Im Raum steht jetzt die Frage, was grundsätzlich von Vereinbarungen mit den Katarern zu halten ist. Denn Neuendorf ist noch mit einem anderen Versprechen aus dem Wüstenstaat zurückgekommen, auf das sich nicht zuletzt die Besucher aus Deutschland verlassen möchten, die bislang rund 35.000 Tickets für die Spiele erworben haben. Die Regierenden hätten zugesagt,
“dass Menschen, die zur Fußball-Weltmeisterschaft kommen, egal welchen Glaubens, egal welcher sexuellen Orientierung, egal welcher Hautfarbe sich sicher fühlen können in diesem Land. Das war nicht nur eine Aussage des OK-Chefs, sondern es kam jetzt von politischer Seite, und das ist ja auch wichtig, dass politisch sich auch Qatar dazu bekennt, und das ist mit dieser Reise sicherlich gelungen“, sagt Neuendorf.

Von Cramon (Grüne): "Eine Selbstverständlichkeit, dass Fans sicher sein sollten."

Neu sei außerdem die Information, dass überall dort, wo WM-Besucher erwartet werden, Volunteers für ein friedliches Miteinander der Katarer mit ihren Gästen sorgen sollen. Schließlich könnte es zu Konflikten kommen, wenn Zehntausende freizügig feiernde Südamerikaner oder Europäer auf eine konservative islamische Gesellschaft treffen. Neuendorf verkauft das als Erfolg, was Viola von Cramon, die für die Grünen im Europaparlament sitzt, erzürnt:
„Das ist natürlich im Grunde eine Selbstverständlichkeit, dass Fans sicher sein sollten. Also wenn ein Host-Country, ein Austragungsstandort, nicht in der Lage ist, die Sicherheit der Fans sicher zu stellen, ja was denn dann? Wie kann man sich um Weltmeisterschaften bewerben, wenn man ernsthaft eine Woche vorher noch Besuch von der Bundesinnenministerin braucht, um diesen Satz abzusondern. Sorry. Mir fehlten die Worte.“
Aber die WM wird unter diesen Umständen stattfinden, und wahrscheinlich werden viele schöne Bilder von fröhlichen Menschen und aufregenden Fußballspielen in die Welt versendet. In Deutschland und etlichen anderen Nationen wird jedoch auch das Gefühl bleiben, dass Weltmeisterschaften künftig nicht mehr an Staaten vergeben werden dürfen, in denen Grundrechte von Arbeitern und Menschenrechte zweitrangig sind. Längst steht die Frage im Raum, welche Lehren von dieser umstrittenen WM zurückbleiben werden.
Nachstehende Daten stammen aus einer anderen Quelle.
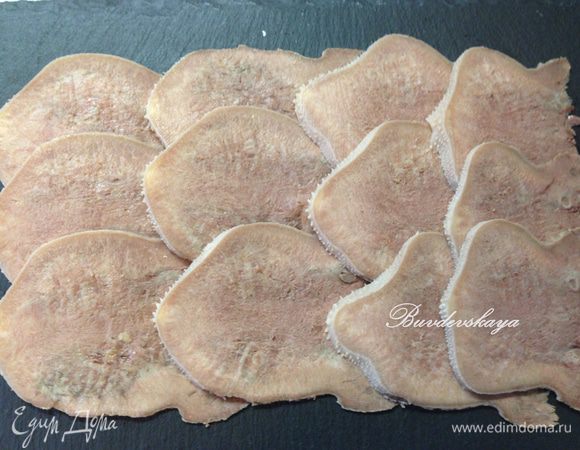 Язык нарезаем тоненькими пластинами и укладываем на блюдо. Сверху поливаем бальзамическим соусом и рядом красиво  выкладываем Рататуй. ENJOY !
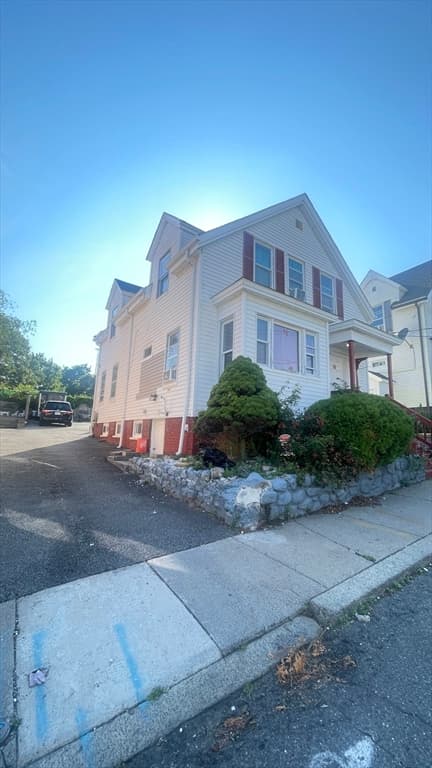 14 Union Ct, Lynn MA 01902 photo 2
Denn ein Versehen war die Entscheidung für Katar keineswegs, sagt Katja Müller-Fahlbusch von Amnesty International auf dem Podium in Dortmund:
“Man wusste schon, in welches Land man vergibt, und die Fifa hat sich null darum geschert und sie hat sich im Übrigen auch lange danach nicht darum geschert. Die Fifa hat uns bis 2015 gesagt, dass sie der Meinung ist, dass die Situation der Arbeitsmigrant*innen in den Stadionbaustellen sozusagen not ihr Business wäre, sondern, dass das eine katarische Frage ist. Diese Vergabe hätte so nicht erfolgen dürfen. Unsere Forderung ist, dass zukünftige Vergaben anders passieren müssen, dass sie verbindlich gekoppelt sind an Menschenrechtsstandards und auch an Nachhaltigkeitsfragen.“

Saudi-Arabien als Bewerber für WM 2030

2024 wird über den Gastgeber für die Weltmeisterschaft 2030 abgestimmt, ein möglicher Bewerber ist dann Saudi-Arabien. Die gleichen Diskussionen drohen erneut, womöglich im Kontext einer noch komplizierteren Weltlage. Kritiker*innen wie von Cramon fordern daher eine viel klarere Positionierung des Deutschen Fußball-Bundes. Auch ein Boykott dürfe kein Tabu sein,
“weil wir den Sport schützen wollen vor der feindlichen Übernahme von Autokratien. Das Problem sind doch die strukturellen Probleme, die wir in der Fifa haben. Wir werden doch verarscht, Entschuldigung. Aber wenn sie in Deutschland sich umhören, ich finde keinen, der mit Leidenschaft sagt: Ja, ich freue mich auf diese Fußball-WM. Das heißt, der Sport wird entkernt, er wird ausgehöhlt, die Integrität ist weg. Und da wünschte ich mir, dass der DFB mit einem Konzept rauskommt, wie wir in Europa mit einer Gruppe von Fußballnationen diese strukturellen Probleme beheben wollen.“
Eine deutliche Aufforderung an Neuendorf, der sich die Vorschläge mit ziemlich müdem Gesicht anhört. Bei der nächsten EM in Deutschland 2024 werde vieles besser, verspricht er. Außerdem werde er sich weiterhin für Entschädigungszahlungen an die Familien der ausgebeuteten Arbeiter einsetzen. Aber die Widerstände gegen diesen Fonds sind ein gutes Beispiel für den Umgang der Fifa und des autokratischen Ausrichterstaates mit der Kritik: Niemand weiß, ob jemals auch nur ein Dollar fließt, um das Leid dieser Menschen zu lindern.